#### WHAT TO WORK ON:
Here are some records; quote them exactly, leaving out the pictures.
***
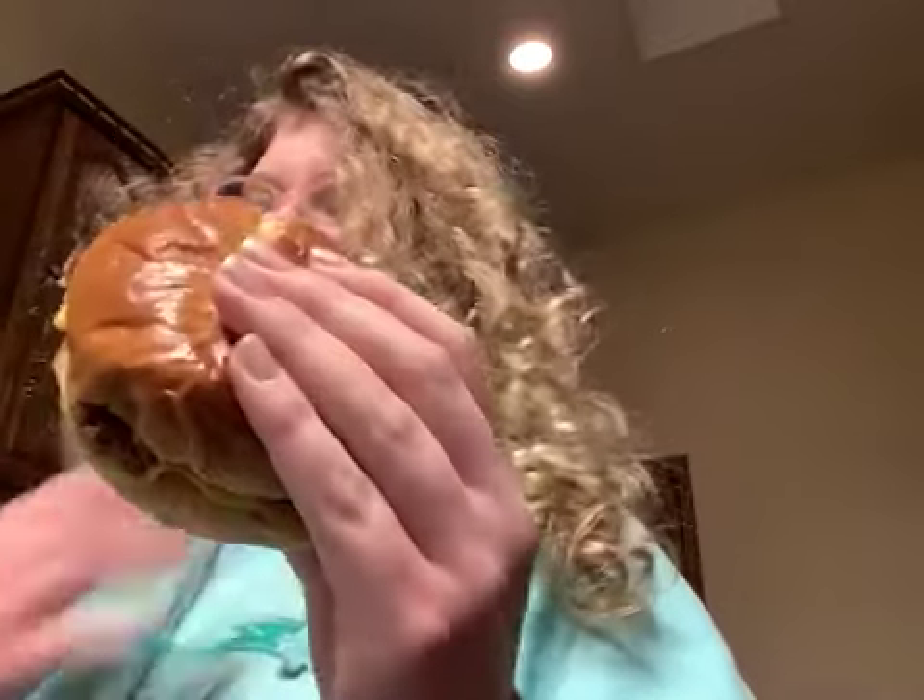Alright, let me take a bite. Get the fries out. Oh! That's so good! Oh my god! That's so good! 30 out of 10.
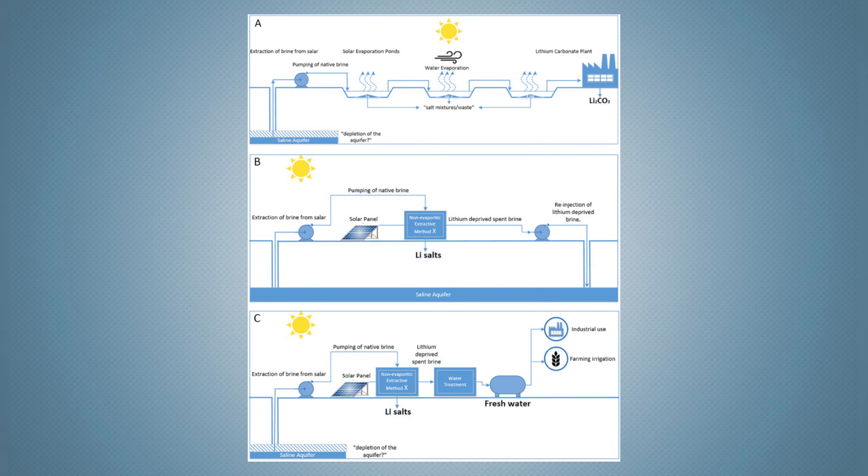Solar brines are very concentrated and, in addition to lithium, typically contain potassium and sodium. Facilities usually operate several large evaporation ponds of various stages and may also extract other metals such as potassium. Once the brine reaches an ideal lithium concentration, it is pumped to a lithium recovery facility for the extraction process.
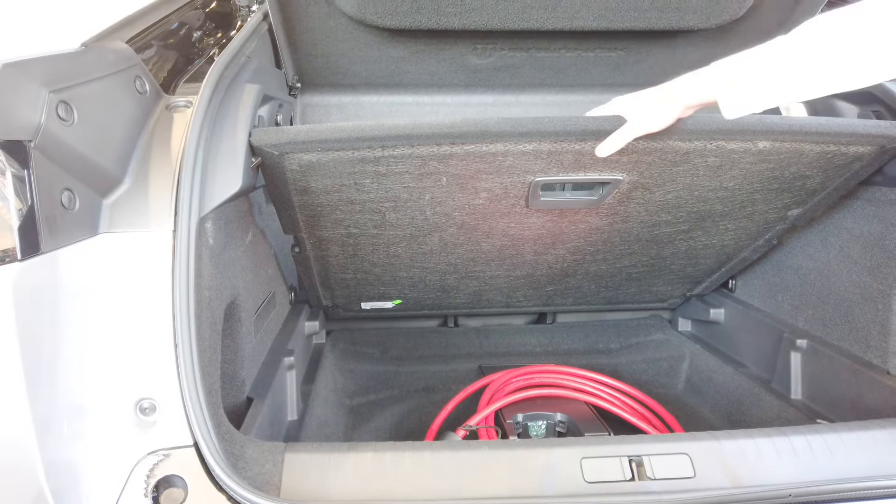On the Peugeot 3008, the black trims that we see here are only available in the electric version in GT spec.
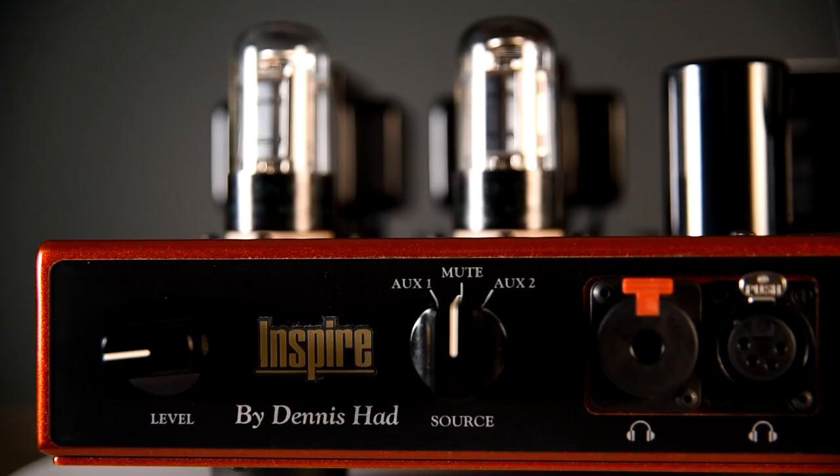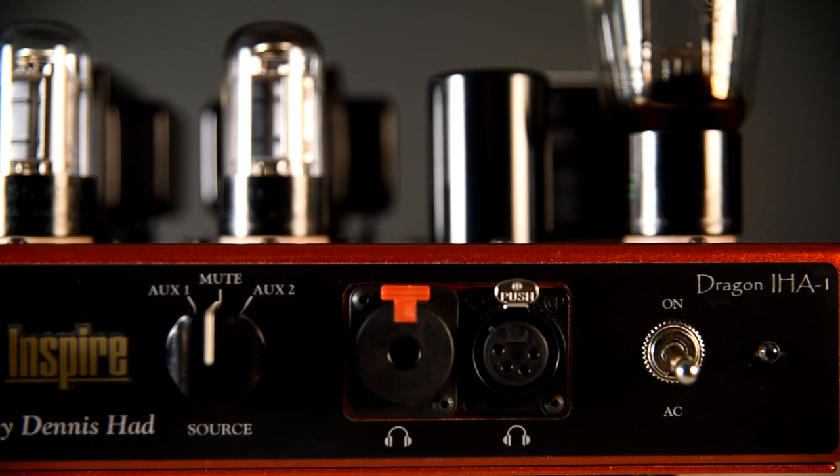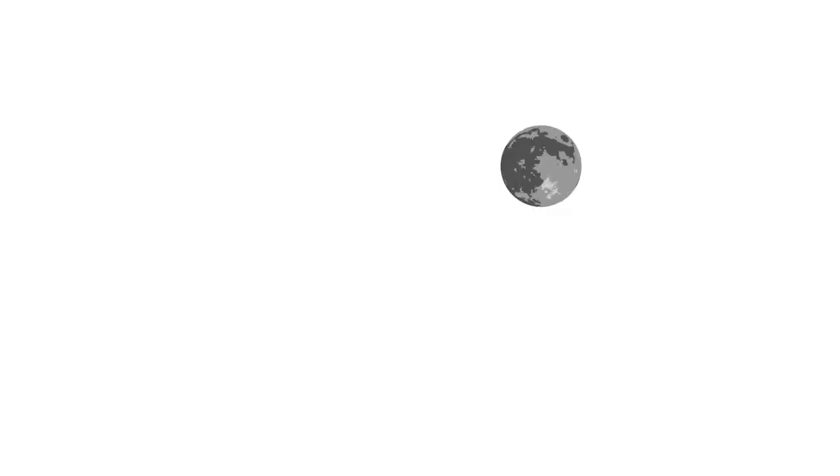The Dragon Inspire has two inputs, which you can change via the selector switch, positions 1 and 2, and in the center is for muting your headphones. The Dragon Inspire is one of our customers' favorite headphone amps here at Moon Audio. For more information on all of our products, check us out at moon-audio.com. Thank you.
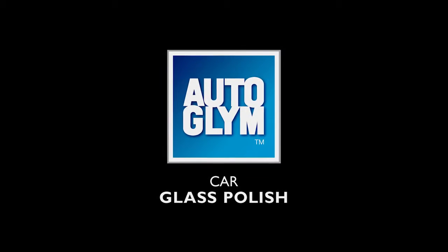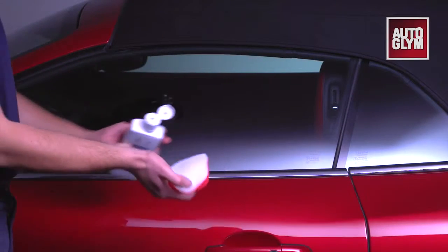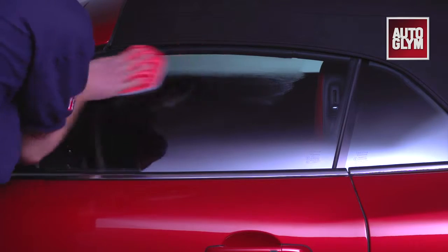Car glass polish is Autoglym's most powerful glass cleaner. Apply to a microfiber cloth or foam applicator and work the polish in a circular motion, ensuring all the glass is covered with a thin film.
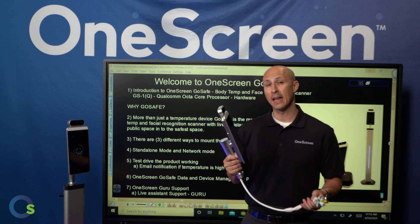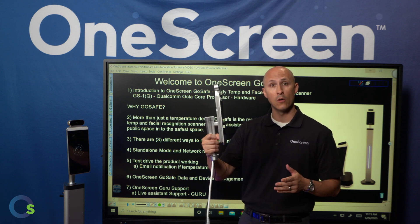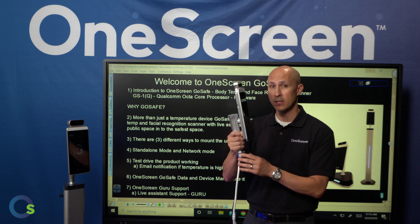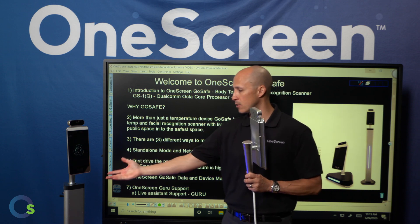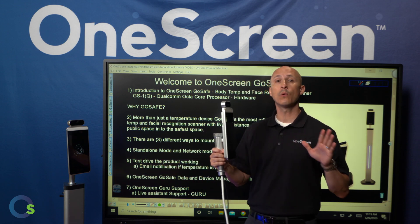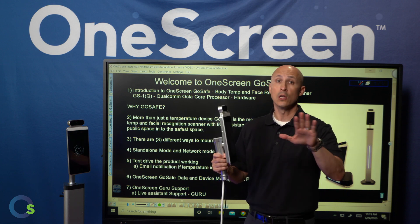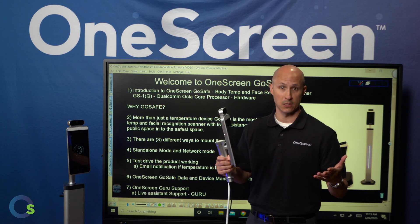Now let's jump into the different ways this can be mounted. We have a wall mount device that can be placed on the wall wherever needed. We also have a table stand that will sit on any platform, and as you can see here to my right, we also have a four-foot tall floor stand. Any one of these options are available to you, and within your own facility you might have a mixture of these mounting options depending on your entryways and exit ways.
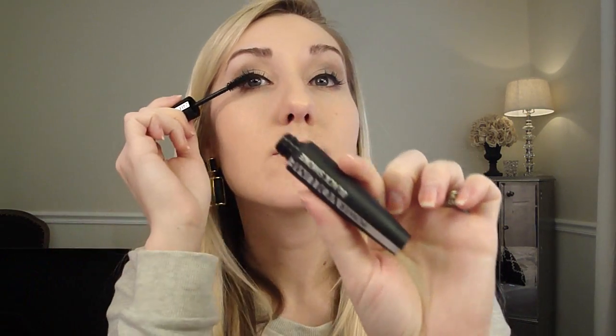For mascara, I'm using the L'Oreal Power Volume Black Smoke. It builds very quickly and you don't have to work with it a long time either, which is perfect for quick looks like this.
***
#### REPLY:
Alright, let me take a bite. Get the fries out. Oh! That's so good! Oh my god! That's so good! 30 out of 10.
Solar brines are very concentrated and, in addition to lithium, typically contain potassium and sodium. Facilities usually operate several large evaporation ponds of various stages and may also extract other metals such as potassium. Once the brine reaches an ideal lithium concentration, it is pumped to a lithium recovery facility for the extraction process.
On the Peugeot 3008, the black trims that we see here are only available in the electric version in GT spec.
The Dragon Inspire has two inputs, which you can change via the selector switch, positions 1 and 2, and in the center is for muting your headphones. The Dragon Inspire is one of our customers' favorite headphone amps here at Moon Audio. For more information on all of our products, check us out at moon-audio.com. Thank you.
Car glass polish is Autoglym's most powerful glass cleaner. Apply to a microfiber cloth or foam applicator and work the polish in a circular motion, ensuring all the glass is covered with a thin film.
Now let's jump into the different ways this can be mounted. We have a wall mount device that can be placed on the wall wherever needed. We also have a table stand that will sit on any platform, and as you can see here to my right, we also have a four-foot tall floor stand. Any one of these options are available to you, and within your own facility you might have a mixture of these mounting options depending on your entryways and exit ways.
For mascara, I'm using the L'Oreal Power Volume Black Smoke. It builds very quickly and you don't have to work with it a long time either, which is perfect for quick looks like this.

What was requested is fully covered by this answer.